Two independent signals, 48 hours apart, confirmed the same inflection. That is not coincidence.
The layer Willison doesn’t cover
Here’s where I want to add something to Willison’s analysis, because I had a front-row seat to a data point he didn’t write about.
In April, Anthropic ran an experiment called Project Deal — a controlled negotiation exercise designed to measure how much model quality actually affects business outcomes. Sixty-nine employees negotiated 186 enterprise deals over a single week, each using Claude as their negotiating agent. The experimental variable: some participants were paired with Claude Opus 4.5, Anthropic’s most capable model at the time. Others got Claude Haiku 4.5 — faster, cheaper, less capable.
Opus 4.5 materially outperformed Haiku 4.5. Raw capability drove the outcome. Personality prompting — the kind of model customization most enterprise AI deployments spend significant time on — had little measurable impact.
Here’s the uncomfortable part. The participants on the losing side — the Haiku users who got worse outcomes — felt the process was fair. They walked away satisfied, without knowing they’d been operating at a disadvantage.
That’s the implication of PMF almost nobody is talking about: once AI has found it, the quality gap matters enormously — and is invisible to the people on the wrong side of it.
What this means for leaders
When a product category reaches PMF, the race changes shape. Before PMF, the competitive question is: “Should we be doing this at all?” After PMF, it’s: “Are we doing this better than the people we compete with?”
Most enterprise AI strategy is still answering the first question. The memo hasn’t arrived.
The Project Deal data sharpens this. If model quality creates outcome gaps that the people on the wrong side can’t perceive, then model choice isn’t a commodity procurement decision. It’s a strategic one. The team running the weaker model believes it’s competing on equal terms. It isn’t. And it won’t know until the deal is already lost, the quarter is already closed, the customer is already gone.
This isn’t an argument for always buying the most expensive model. Haiku is genuinely excellent for high-volume, well-specified tasks. The argument is more uncomfortable: you need to know, with specificity, where in your workflow model capability is the rate-limiting factor on outcomes. Most organizations don’t know this. They haven’t run the experiment.
SpaceX is reported to be paying $1.25 billion a month. They have the receipts.
The leaders treating model selection as a procurement checkbox — price per token, whatever the IT department approved — are making a strategic bet they haven’t consciously chosen to make. They’re betting the gap between the capable model and the cheap model doesn’t show up in their outcomes. Project Deal says that bet is wrong. And the people losing won’t be the first to notice.
Which side are you on?
The valuation is a number. Numbers are easy to write about.
The harder thing — the thing actually worth your time — is what happens now that PMF is real. Enterprise AI is no longer a pilot program. It’s a competitive surface. Your competitors are on it. Some are on the Opus side of the quality curve.
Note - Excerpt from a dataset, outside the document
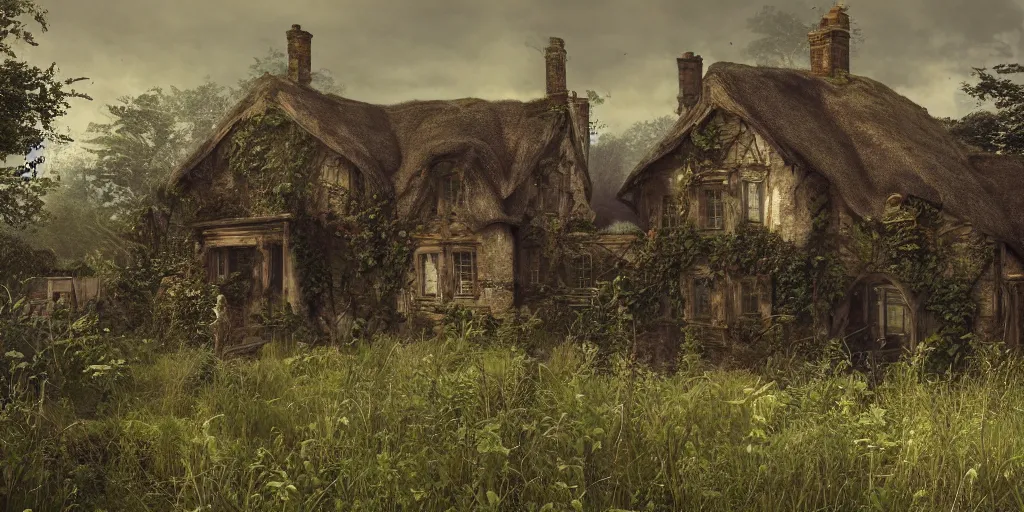 Prompt: photorealistic, ruined english cottage, overgrown vegetation, apocalypse, shadowy lurking creatures, hyperrealistic, grimdark, artstation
Some are on the Haiku side. The ones on the Haiku side feel fine about it.
The question isn’t whether your organization is using AI. It’s whether you know — with the specificity that Project Deal’s methodology would demand — which model is running your most consequential workflows, and what the capability delta is between that model and the best available alternative.
If you don’t have that answer, you’re on the Haiku side of your competitors’ deals.
You won’t know it until the outcomes show up in a spreadsheet three quarters from now, and someone asks why the numbers look the way they do.